Thursday, 15 April 2010

.net - Avoiding concurrency issues with DbContext and Entity Framework -


I am creating ASP Web API project, which is using SQL Server for storage, and the unit To connect to the framework.

In many tables in storage there are unique obstacles to implement the specificity of values ​​in them. Before adding values ​​to these tables, to ensure that my prices are not present, my application check

This application has been created so that a DBCNode is present on every request. It has happened to me, however, two can try to include the same value in the request table. Request A checks the existence of the value of the table, as the request b does. Both have to find out that the value is required to be added, and add it to DBST. When called SaveChanges, a request will be successful, and failure will fail due to one.

How can these types of issues be resolved by the entity framework? I am planning to create stored procedures to retrieve or create prices, which I think should solve it (stored procedures that guarantee nuclear), but I completely solve it with unit framework To be installed in a way I think I'm dabantex. Save Changel () is called, but clearly stored procedure solution will mean that SaveChanges () will be done before executing the database.

This problem is not specific to the unit framework (although the EF certainly limits other boundaries around unique obstacles Too) This is common with any similar server client model. Since the specification will be applied to the database server at the time of the request, if no one tries to condemn, then unless you try to insert it, no idiots will be there.

He said, checking in advance for uniqueness should be a very cheap operation (on SQL Server, a unique barrier will also give you an index on that column), depending on whether How often do you expect to try the duplicate entry of the application, in your case on a large scale, but if it is too rare to start the efforts to put a duplicate, Inserting images can escape the round-trip and so be able to handle the exception.
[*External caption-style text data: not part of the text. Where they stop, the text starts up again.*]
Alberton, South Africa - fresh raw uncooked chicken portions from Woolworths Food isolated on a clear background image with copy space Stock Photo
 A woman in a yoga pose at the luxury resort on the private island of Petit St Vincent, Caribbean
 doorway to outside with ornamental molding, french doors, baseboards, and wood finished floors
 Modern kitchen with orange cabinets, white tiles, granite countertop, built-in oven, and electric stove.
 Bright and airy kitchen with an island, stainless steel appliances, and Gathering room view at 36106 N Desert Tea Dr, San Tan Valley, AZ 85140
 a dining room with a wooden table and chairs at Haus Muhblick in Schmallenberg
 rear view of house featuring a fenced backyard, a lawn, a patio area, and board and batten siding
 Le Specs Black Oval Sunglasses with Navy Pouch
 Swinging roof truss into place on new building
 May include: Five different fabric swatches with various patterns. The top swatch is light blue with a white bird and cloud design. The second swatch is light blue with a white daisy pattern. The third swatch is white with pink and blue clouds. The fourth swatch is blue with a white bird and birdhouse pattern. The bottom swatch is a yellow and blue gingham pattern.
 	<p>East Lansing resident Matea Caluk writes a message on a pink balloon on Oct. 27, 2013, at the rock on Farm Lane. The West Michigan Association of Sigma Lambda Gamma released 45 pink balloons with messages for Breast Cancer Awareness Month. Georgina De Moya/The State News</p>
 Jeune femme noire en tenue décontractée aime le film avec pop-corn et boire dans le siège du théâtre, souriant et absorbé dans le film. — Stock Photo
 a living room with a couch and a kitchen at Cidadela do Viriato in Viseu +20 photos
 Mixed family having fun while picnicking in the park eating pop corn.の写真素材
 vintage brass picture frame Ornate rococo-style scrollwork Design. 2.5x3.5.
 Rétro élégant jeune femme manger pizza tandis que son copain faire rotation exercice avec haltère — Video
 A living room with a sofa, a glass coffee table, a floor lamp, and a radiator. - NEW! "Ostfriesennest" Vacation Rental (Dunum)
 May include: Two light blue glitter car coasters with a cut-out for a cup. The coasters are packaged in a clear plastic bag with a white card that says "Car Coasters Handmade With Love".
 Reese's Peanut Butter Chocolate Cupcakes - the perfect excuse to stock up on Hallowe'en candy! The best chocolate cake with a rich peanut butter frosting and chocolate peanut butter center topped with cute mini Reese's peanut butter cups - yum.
There is no need to handle the exception is very complex, especially if there is no way to modify the data for the end user and try again. In this case, as you said, you are stopping many entries in a transaction, you may have to check exceptions (or internal exceptions) for specific obstruction names, so that you know which unit object is a duplicate . (Again, EF does not really support the handling of unique obstacle exceptions, so this is probably the part that is causing you the most pain yet.)

Note: < / Strong> do not recommend putting in the stored procedure only, who try to get duplicate entries concurrently for rare occasions. You're better off making sure your app handles this (and other SQL exceptions, many of which can be), as much as possible. However, if you feel that there is really no other way in your case, then a sproc can be the easiest way to do now. Just keep in mind that this is probably the most cautious code to solve a very rare case.